Los vecinos del barrio Spurr, en el sector de calle Tierra del Fuego al 2900, han llegado a su límite. Lo que debería ser un espacio público para el disfrute de la comunidad se ha transformado en un foco de contaminación, vandalismo y peligro constante. Cansados de la falta de respuestas oficiales, quienes mantienen el lugar a pulmón denuncian que la acumulación de basura y la falta de infraestructura básica están poniendo en riesgo a los niños de la zona.

La problemática central radica en la higiene y la seguridad del predio.
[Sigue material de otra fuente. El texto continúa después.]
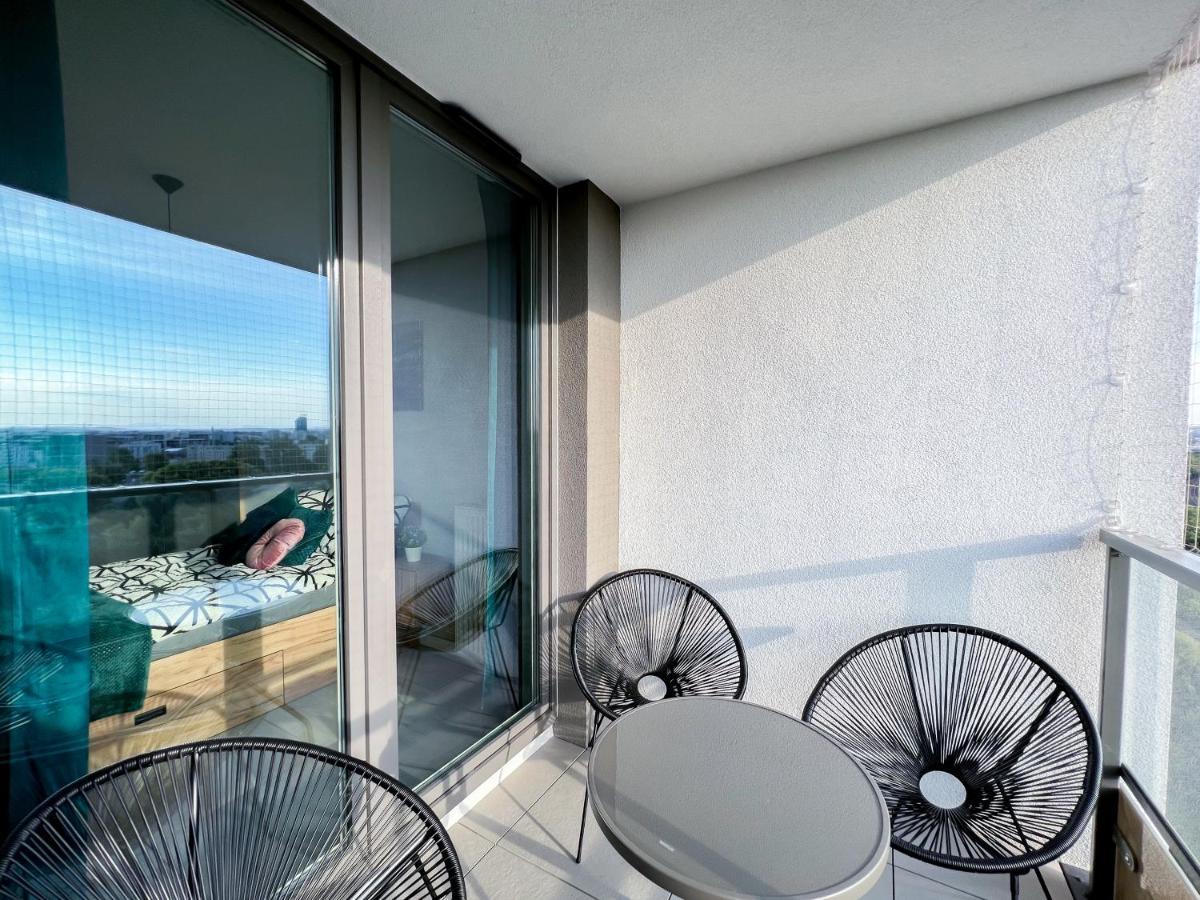 12 Floor Mogilska Tower *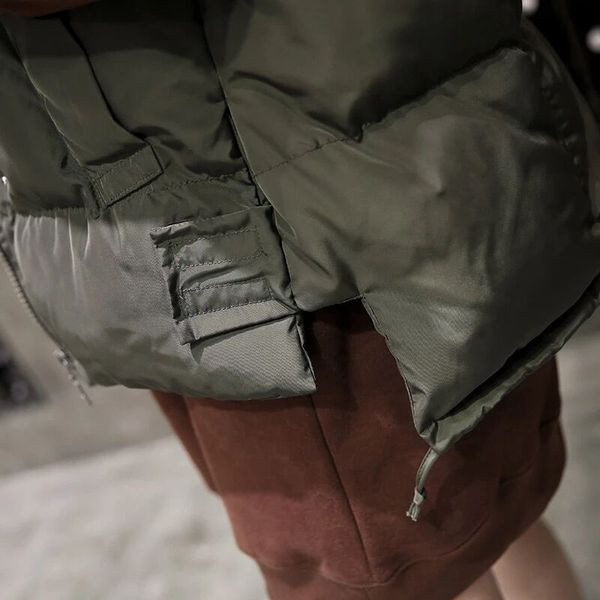 Široki model ženske sportske vestice s kapuljačom i džepovima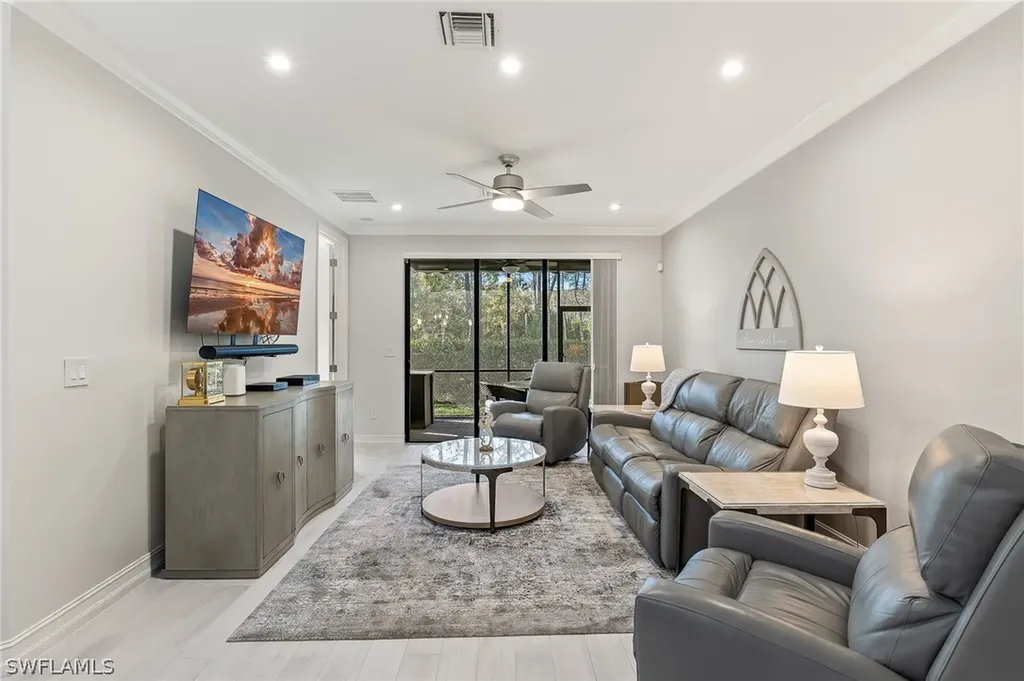 7344 Rockefeller Drive Naples FL 34119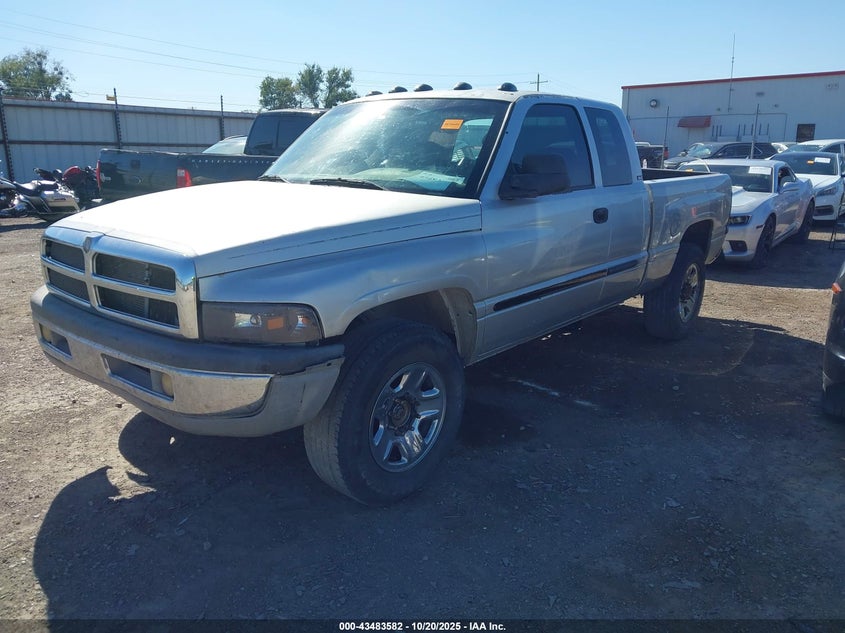 3B7KC23682M214357 2002 DODGE RAM photo no. 2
Ricardo, uno de los vecinos que lidera las tareas de limpieza, explicó que la falta de una conexión de agua (canilla) en el lugar vuelve la tarea casi imposible: «Tenemos que estar con baldes y ya soy una persona grande para estar todo el tiempo cruzando la calle», lamentó, señalando que solo cuentan con la solidaridad de un vecino, el señor Uribe, para abastecerse.


Vidrios, clavos y fuego: el peligro para los más chicos

El relato de los habitantes del sector es crudo y refleja el abandono del espacio. Durante la limpieza, los vecinos interactúan con niños que ayudan de forma voluntaria, pero el riesgo de accidentes es altísimo:

  • Heridas graves: Alicia, otra vecina del sector, denunció que ayer mismo un nene se cortó la mano con vidrios y ella misma sufrió la clavadura de un clavo al caminar por el lugar.

  • Vandalismo: Aseguran que personas externas arrojan basura de forma sistemática y, en lugar de retirarla, la prenden fuego, generando columnas de humo tóxico.

  • Falta de monitoreo: Los vecinos afirman haber pedido una cámara de seguridad hace dos años para identificar a los vándalos que rompen el mobiliario público, pero el pedido nunca prosperó.


Gestiones sin respuesta en la «Mesa de Gestión»

A pesar de que el barrio participa activamente en el CIC de Spurr a través de la denominada «Mesa de Gestión», los vecinos sienten que sus reclamos caen en saco roto. «Cuando les mostramos las notas a quienes participan, parece que no entienden lo que pasa», afirmaron con frustración.

Incluso mencionaron haber mantenido diálogos con la gerencia de ABSA para obtener la factibilidad de una canilla pública que permita mantener la limpieza y el riego de los árboles plantados por ellos mismos, pero hasta hoy la respuesta ha sido nula.

«Queremos dejar todo limpio y concientizar a la gente, pero sin herramientas ni apoyo municipal es una batalla perdida», concluyó Ricardo.